The Board receives regular reports from its broker, depositary, registrar and Manager as well as its legal advisers and the industry trade body (the Association of Investment Companies) on changes to regulations which could impact the Company and its industry. The Company monitors events and relies on the Manager and its other key third party providers to manage this risk by preparing for any changes, adverse or otherwise.

Emerging Risk

 

Mitigating Activities

Environmental Risks

 

 

Climate Change

Climate change is one of the most critical emerging issues confronting asset managers and their investors. Climate change may have a disruptive effect on the business models and profitability of individual investee companies, and indeed, whole sectors.

The Manager's investment process integrates consideration of environmental, social and governance factors into decisions on which stocks to buy, hold or sell. This includes the approach investee companies take to recognising and mitigating climate change risks.

In the Company's and Manager's view, companies that successfully manage climate change risks will perform better in the long-term. Consideration of climate change risks and opportunities is an integral part of the investment process.

ESG requirements from investors

The Company's policy on ESG and climate change may be out of line with ESG practices which investors are looking to invest in accordance with.

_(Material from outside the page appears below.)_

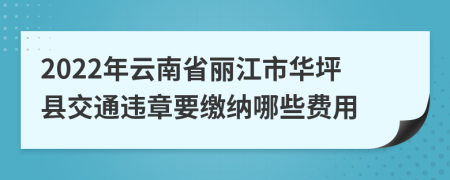 2022年云南省丽江市华坪县交通违章要缴纳哪些费用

The Manager has integrated the consideration of ESG factors into the Company's investment process. Further details are set out in the ESG report on pages 14 to 16 of the 2022 Annual Report.

Pandemic Risks

 

 

Pandemics

The emergence of COVID-19 has highlighted the speed and extent of economic damage that can arise from a pandemic. There is the risk that emergent strains may not respond to current vaccines and may be more lethal and that they may spread as global travel increases.

The Board receives reports on the business continuity plans of the Manager and other key service providers. The effectiveness of these measures has been assessed throughout the course of the COVID-19 pandemic and the Board will continue to monitor developments as they occur and seek to learn lessons which may be of use in the event of future pandemics.

To date the portfolio's holdings have not exhibited a material long-term impact and have recovered as the containment measures eased, although the pandemic has yet to run its course.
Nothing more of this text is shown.